Dans le hall et aux abords de la clinique Finochietto, établissement privé chic vers le centre de Buenos Aires, on ne peut pas les manquer : de jeunes femmes au teint et aux yeux clairs, à la grossesse très avancée ou un bébé dans les bras, qui vont ou devisent, par groupes ou en couple, faisant résonner la langue russe, constate l’AFP.

« Ça a commencé il y a environ un an, très lentement, on n’a pas réalisé », explique à l’AFP Guillermo Capuya, chargé de relations extérieures de la clinique. « Puis on a vu au dernier semestre ces accouchements augmenter de façon exponentielle. Sur 200 (naissances) dans le mois, 50 sont de Russes ».

« À 90 %, elles disent être venues en quête d’un meilleur avenir », affirme à l’AFP Elena Shkitenkova, une Russo-Argentine immigrée depuis 20 ans et devenue interprète mais aussi accompagnante et aidante de ces femmes parfois seules et perdues à l’arrivée. Elles sont cependant téléguidées par le bouche-à-oreille et les réseaux sociaux.

« Avenir meilleur pour mon fils »

« Quand elles ont su qu’elles attendaient un garçon, plusieurs se sont dit “je ne veux pas que mon fils ait un avenir comme ça (la guerre). Je veux qu’il vive, je veux la paix pour lui, un avenir meilleur. Je lui donne cette nationalité (argentine), et lui choisira sa voie”. À voir l’expression dans leurs yeux quand elles me disent ça, j’ai la chair de poule », s’émeut Elena.

Un futur meilleur, et déjà un présent ? C’est ce qu’assure à l’AFP Elena (qui refuse de donner son nom), 32 ans, arrivée en février 2022 avec son mari et ses deux filles de 4 et 7 ans, et qui a donné naissance en mai à Buenos Aires à Severina.

« Bien sûr, la guerre a joué un rôle, mais pas décisif », assure en anglais Elena, une des rares « mamans russes » qui accepte de parler à la presse. « Peut-être que mon mari aurait été mobilisé si nous étions restés […] Mais depuis des années on se disait qu’on voulait partir, voyager, et l’an dernier ça a été rendu possible ». Incidemment, le décès de son père, lui permettant de vendre l’appartement et de disposer d’argent.

Derrière elle, ses fillettes gambadent sur une pelouse par 33 degrés. Elena, tout sourire, n’en revient pas « de gens si sympas en Argentine, du climat, de la culture […] Chaque jour nous aimons ici un peu plus », dit-elle. En attendant une résidence permanente, et résolue à s’intégrer, elle cherche un travail avec son mari, designer web.

Un passeport recherché

Des profils comme Elena, l’Argentine les accueille « à bras ouverts », souligne Mme Carignano. Ce qui dérange, ce sont les milliers qui viennent, accouchent, et repartent. Avec le soupçon « d’organisations mafieuses (en) profitant pour octroyer notre passeport à des personnes qui ne veulent pas résider dans notre pays ». Et des « irrégularités » au passage.

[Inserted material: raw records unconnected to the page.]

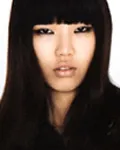 모델인 윤지혜의 대표 이미지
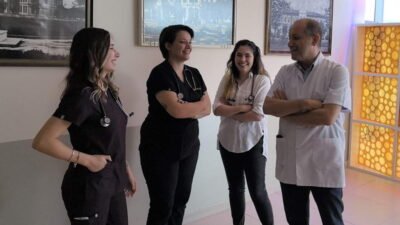 Bursa’da yeni mezun 5 doktor, doğdukları hastaneye yıllar sonra doktor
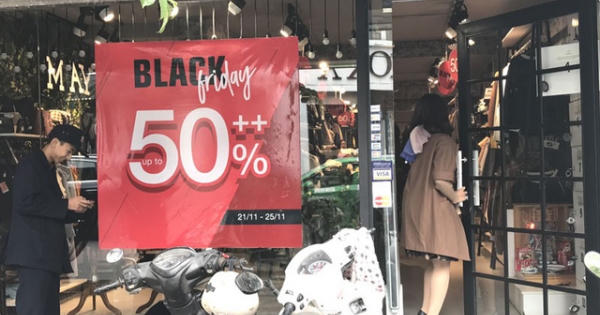 Ồ ạt giảm giá 50%: Ùn ùn ra phố, tranh nhau mua hàng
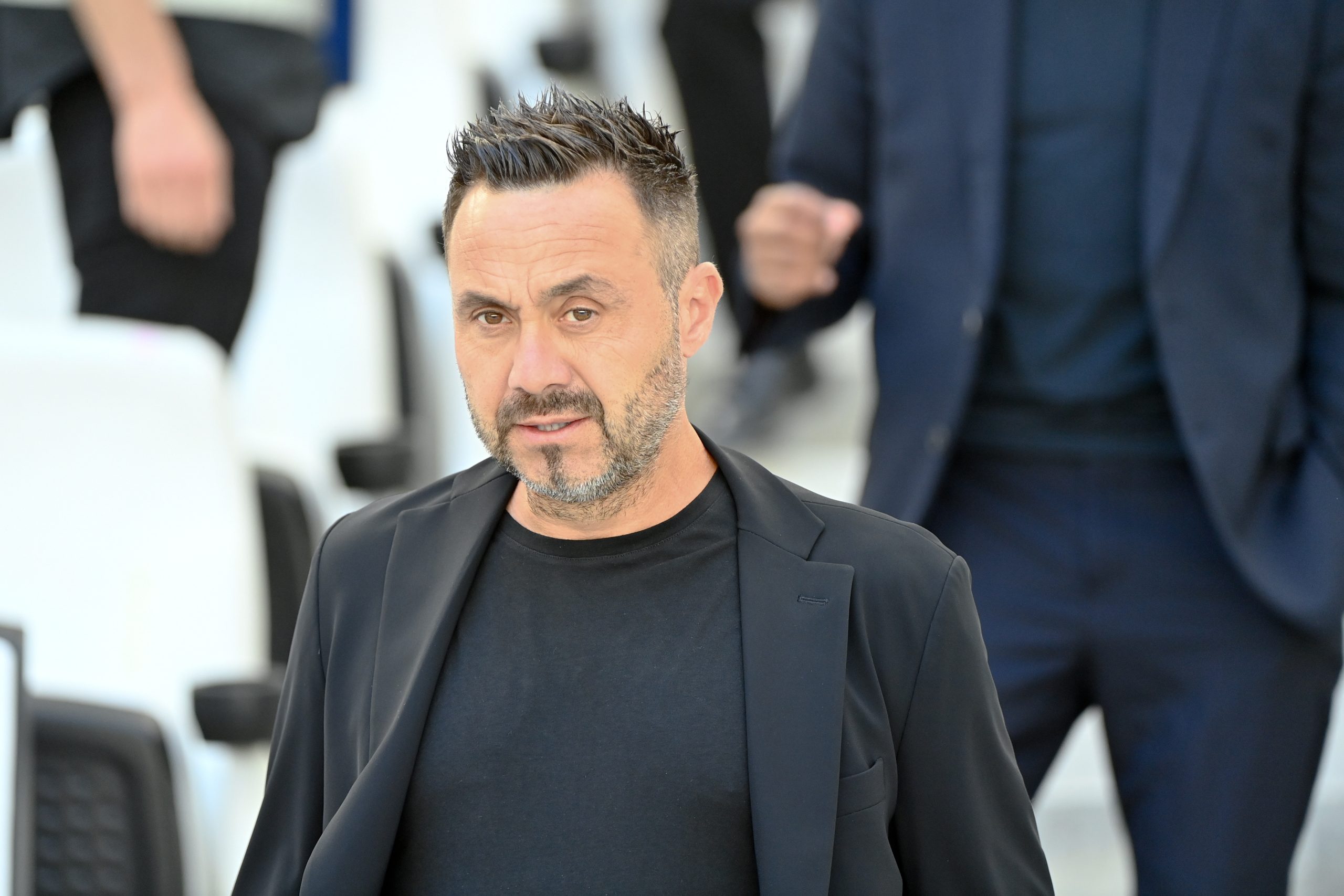 Roberto De Zerbi avant le match entre l'OM et le Paris FC.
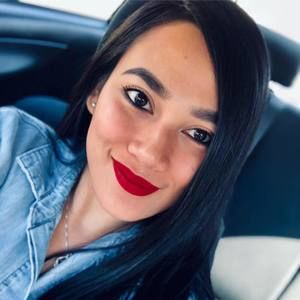 Meet your Posher, Kim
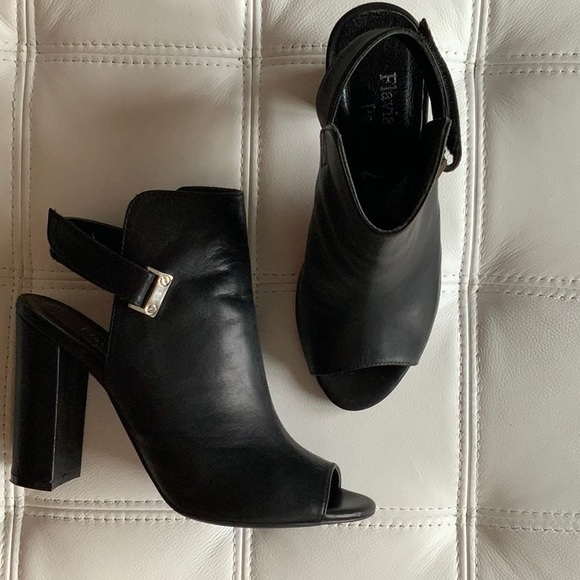 Flavia Passini open toe black genuine leather 4” block heel size 7.5 - Picture 1 of 9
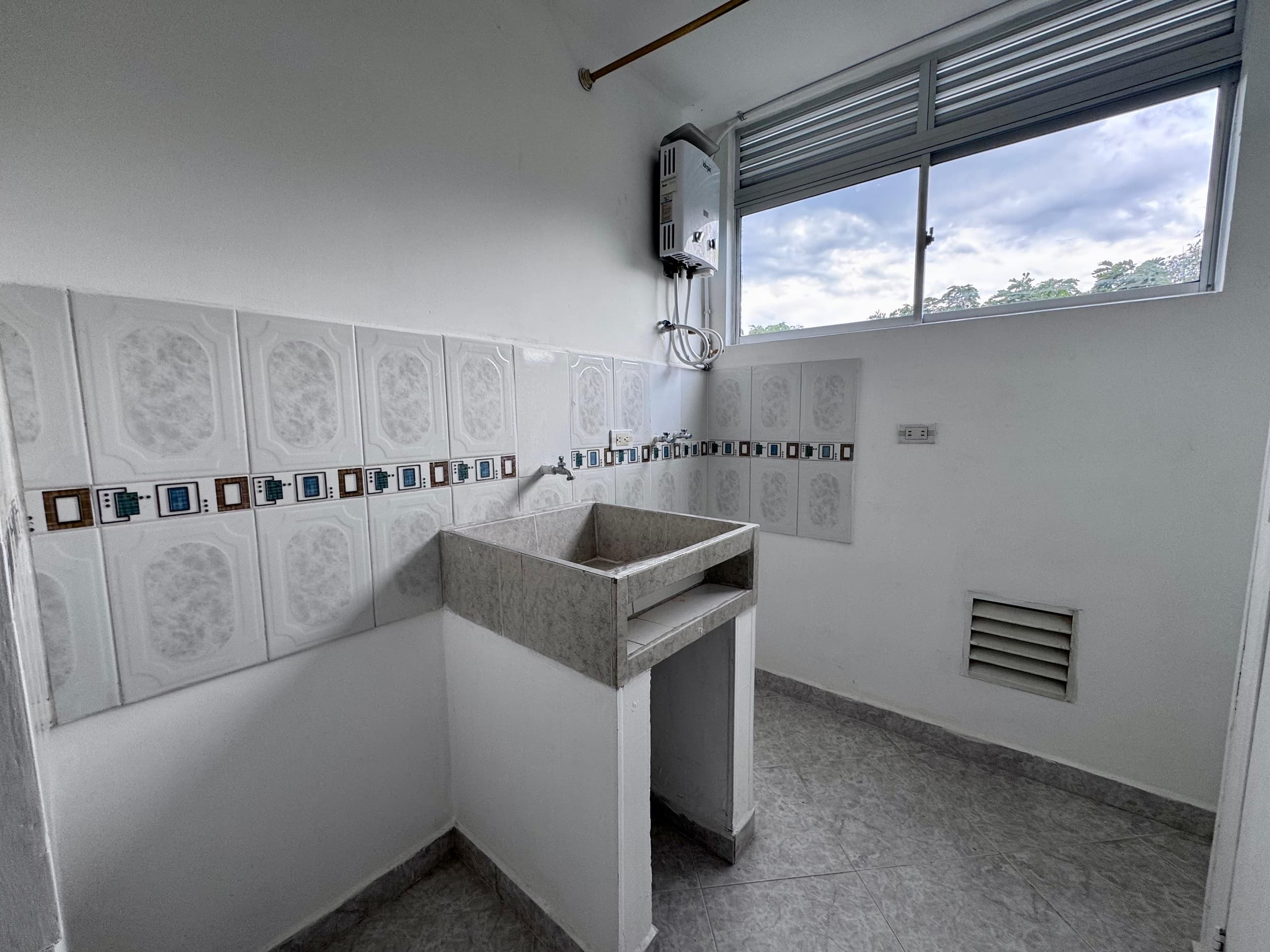 Apartamento en arriendo en El Dorado Envigado — foto 5 de 15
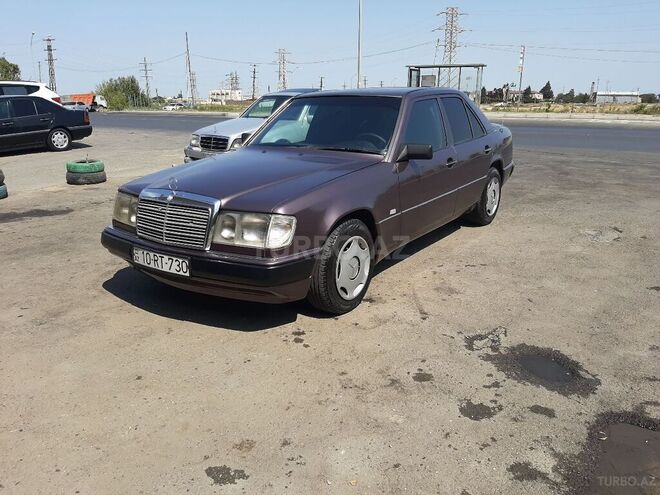 Mercedes E 250 1992, 250,000 km - 2.5 l - Bakı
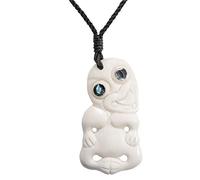 81stgeneration Femmes Hommes Sculpté à la Main Os Maori Hei Tiki Yeux de Ormeau Collier Pendentif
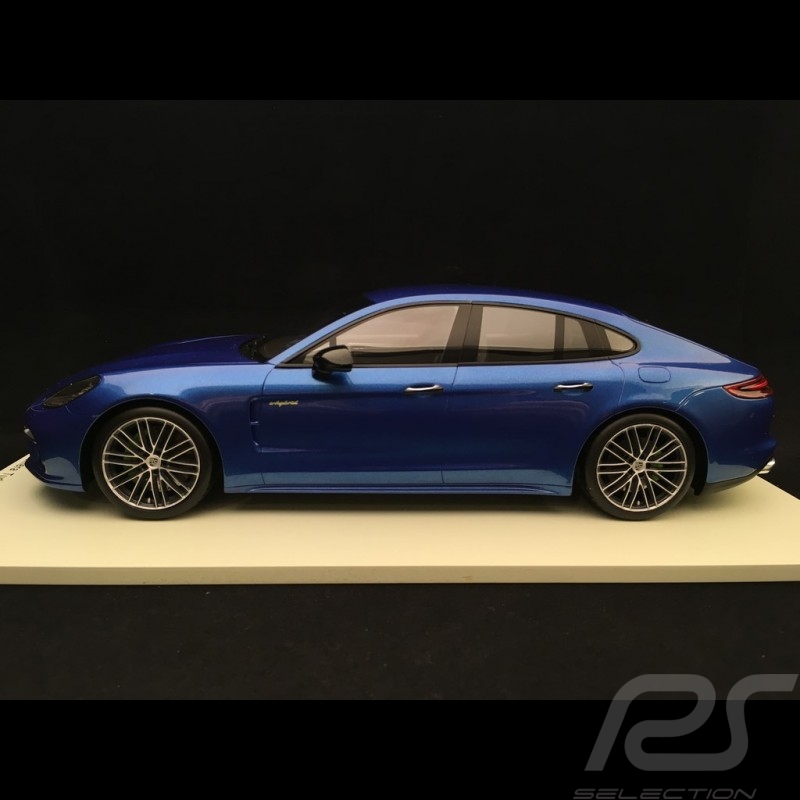 Porsche Panamera Turbo S e-hybrid 1/18 Spark 18S284 Bleu saphir métallisé Sapphire blue saphirblau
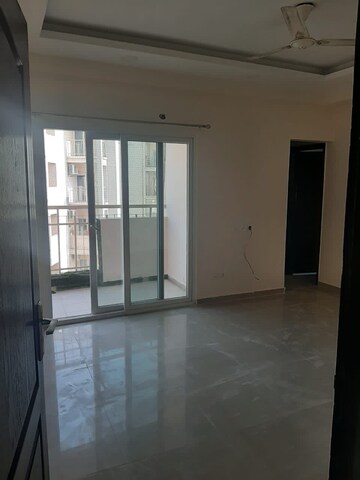 Room in 4 BHK Apartment at Sunworld Vanalika, Sector 107 – for Rent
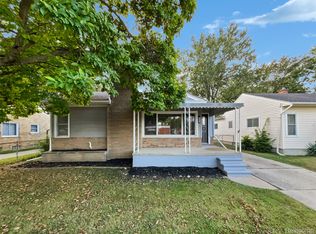 22095 Wilmot Ave, Eastpointe, MI 48021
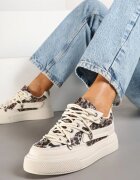  Adidași Bej cu model leopard Doridi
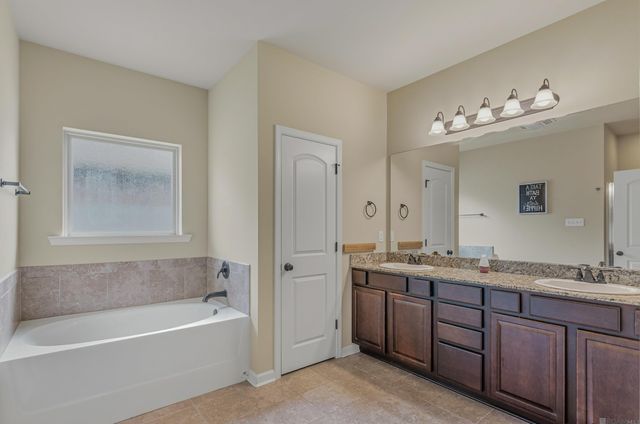 17018 Enterprise Ave, Prairieville, LA 70769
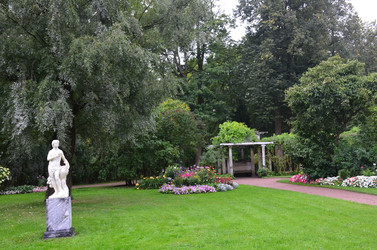 Similar image 21676512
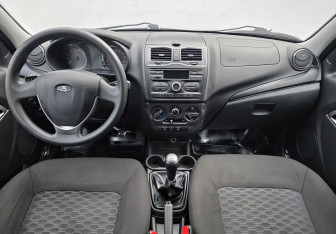 Подержанный автомобиль LADA (ВАЗ) Granta Liftback 2019 года (11 фото)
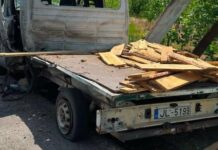 Доставка под прицелом: вражеский дрон атаковал грузовик харьковского предприятия, водитель в больнице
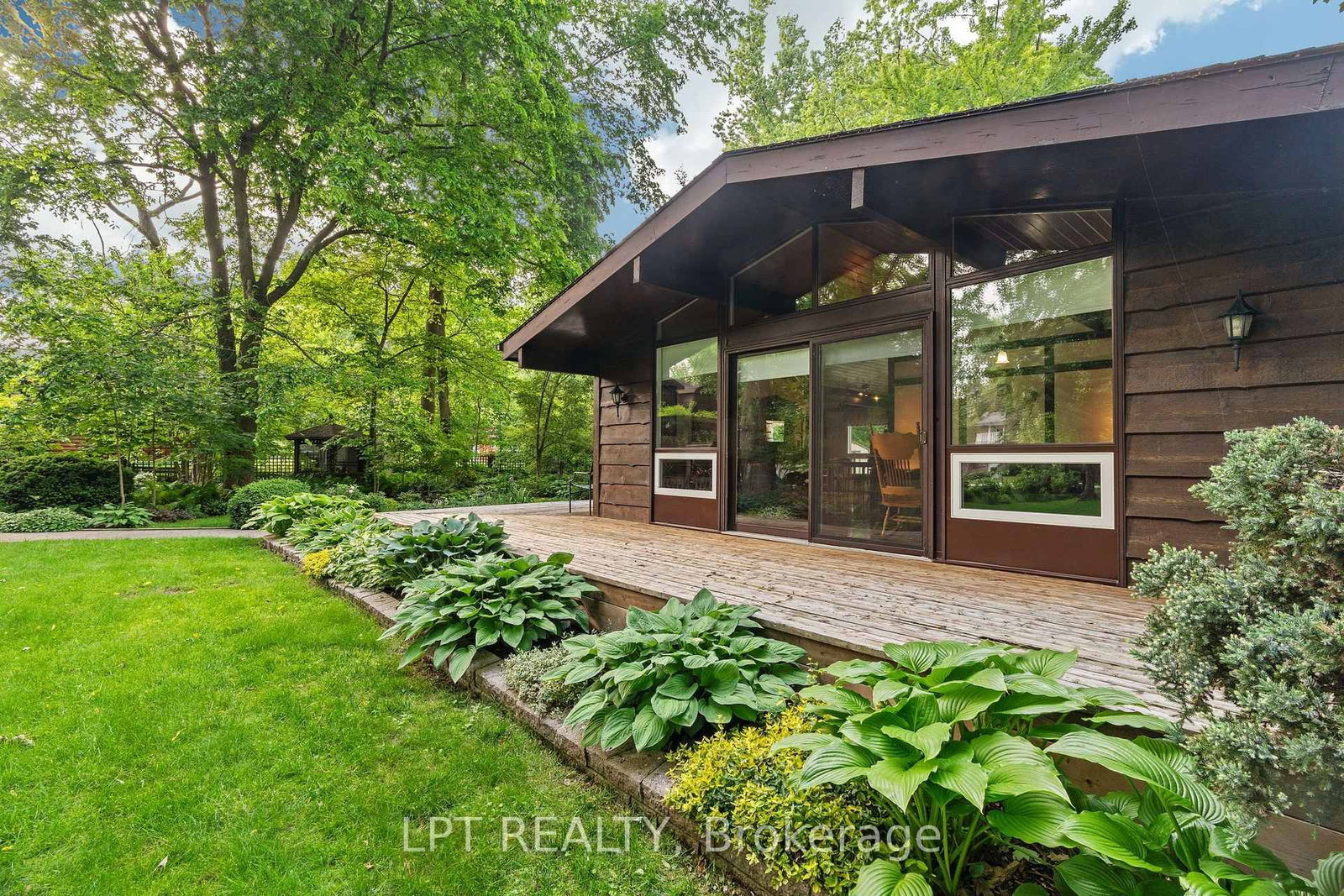8452 Defore Drive, Lambton Shores — photo 4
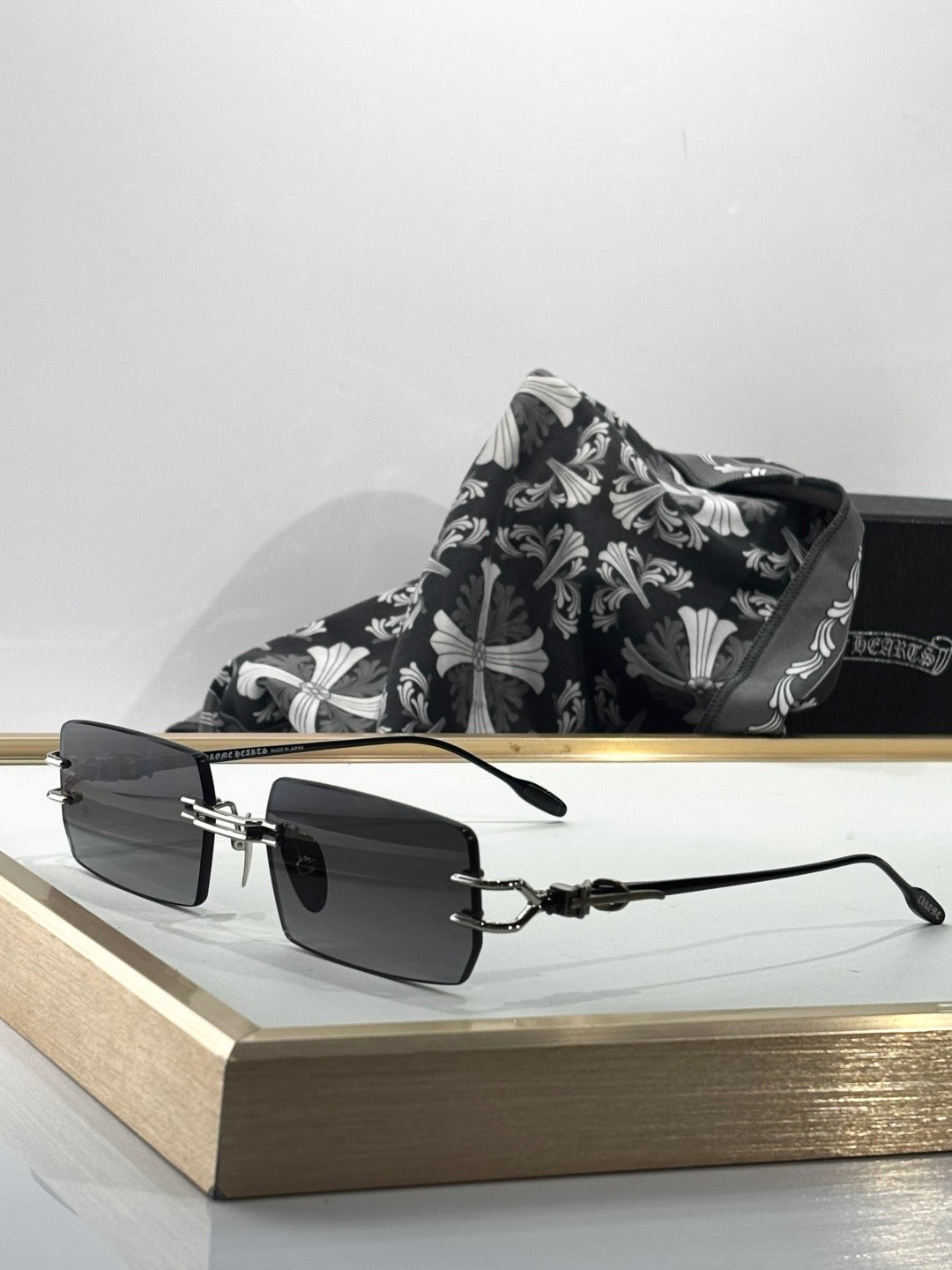CHROME H SUNGLASSES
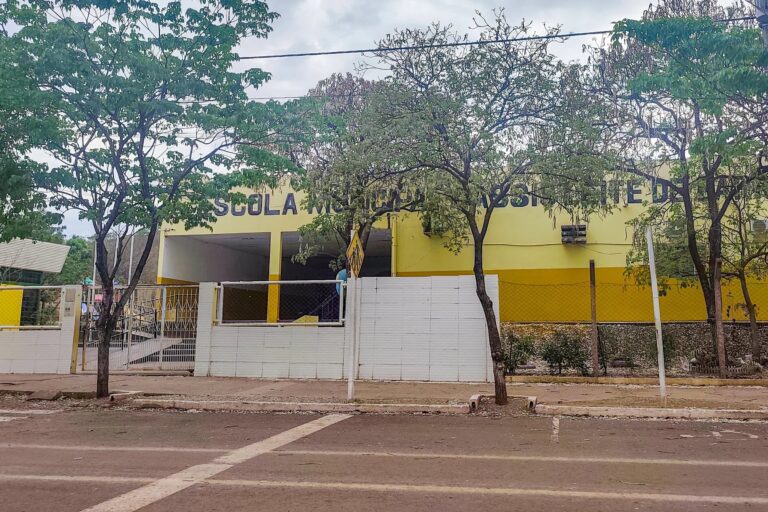 Corumbá abre licitação para construção de quadra coberta na Escola Cássio Leite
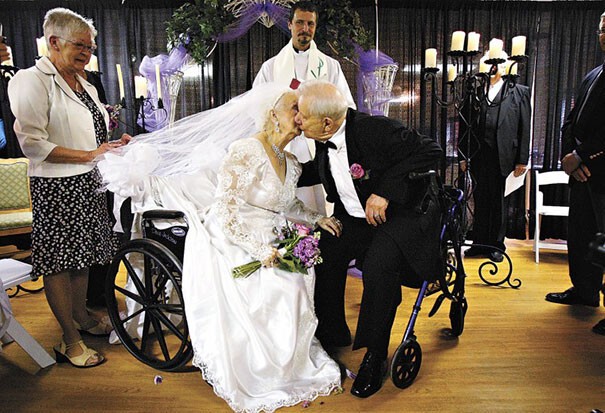 Жизнь развела их. Спустя 80 лет они встретились и сразу же поженились. Мартине Лопес 93, Хосе Риелла — 103 года.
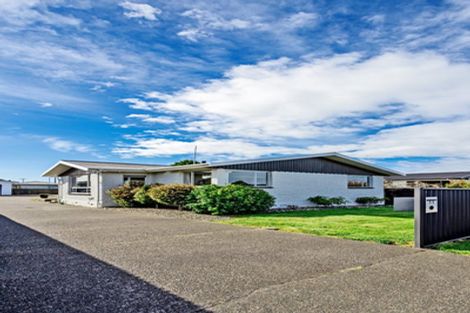 Photo of property in 55 Cunningham Street, Grasmere, Invercargill, 9810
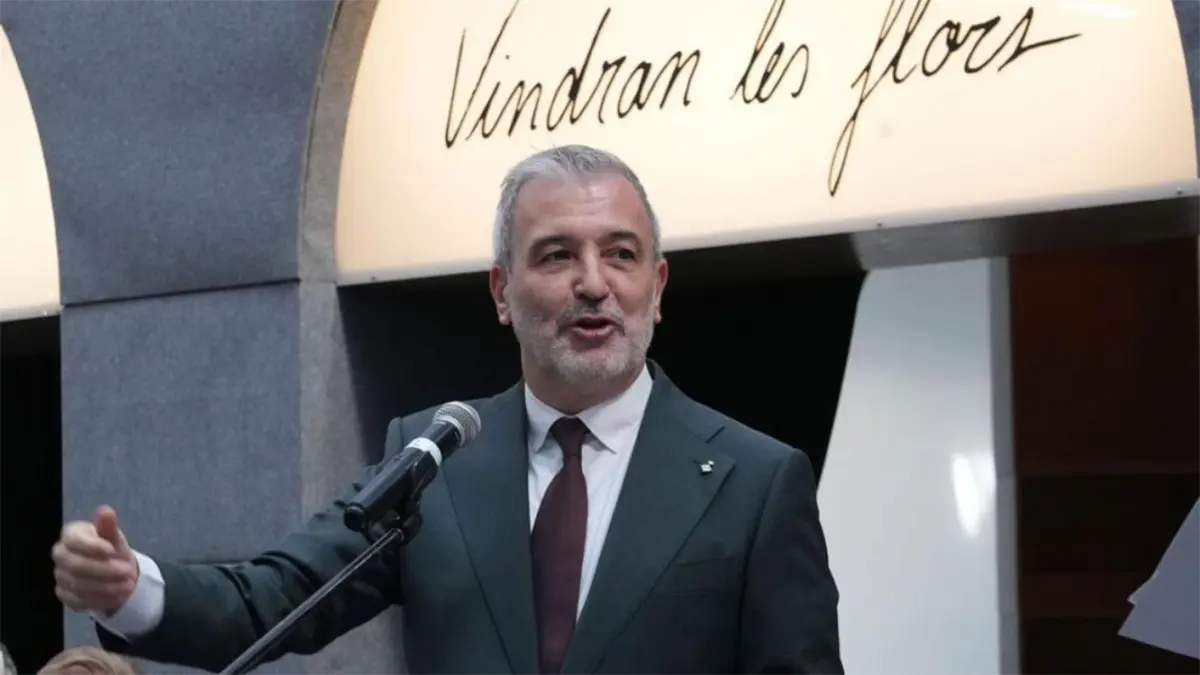 Piden retirar la beca para autores latinoamericanos anunciada por el alcalde de Barcelona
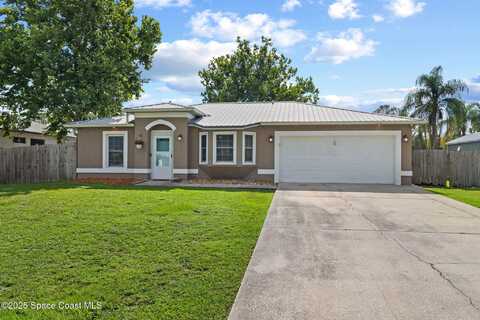 831 Tejon Avenue SW, Palm Bay, FL 32908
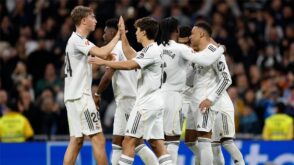 أوريلين تشواميني لاعب ريال مدريد يوقع على عقد جديد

C’est que le passeport argentin, accessible au nom du droit du sol, et qui permet l’accès sans visa à 175 pays, est très recherché, souligne Mme Carignano. Elle s’émeut que celui-ci soit à terme « dévalué », voire source de méfiance, citant le cas de Russes soupçonnés d’espionnage récemment arrêtés en Slovénie… avec un passeport argentin.

Filière, ou négoce ? Un Russe installé à Buenos Aires, sous couvert d’anonymat, confie à l’AFP facturer autour de 15 000 dollars pour un service tout ce qu’il y a de légal et « professionnel » (conseil, démarche, interprétariat, forfait médical). Cela peut aller jusqu’à 35 000 dollars, selon la police. Pas à la portée de tous les roubles.

Jeudi, la police a réalisé des perquisitions dans le quartier cossu de Puerto Madero, sans arrestations, mais saisissant des téléphones, du matériel informatique, des documents migratoires, des euros, dollars et pesos, visant ce qui serait « la première ligne d’une organisation délictuelle ».  

Le tourisme de maternité, ou de passeport, n’a rien de nouveau, ni de propre à l’Argentine. Un père russe de bébé « argentin » dit à l’AFP avoir aussi envisagé le Mexique, le Chili, le Brésil…

« Si tu as un peu d’argent, et que tu peux faire naître ton fils ailleurs qu’en Russie, tu le feras », résume un intermédiaire. Par les temps qui courent, tout passeport aux frontières vaut mieux qu’un russe.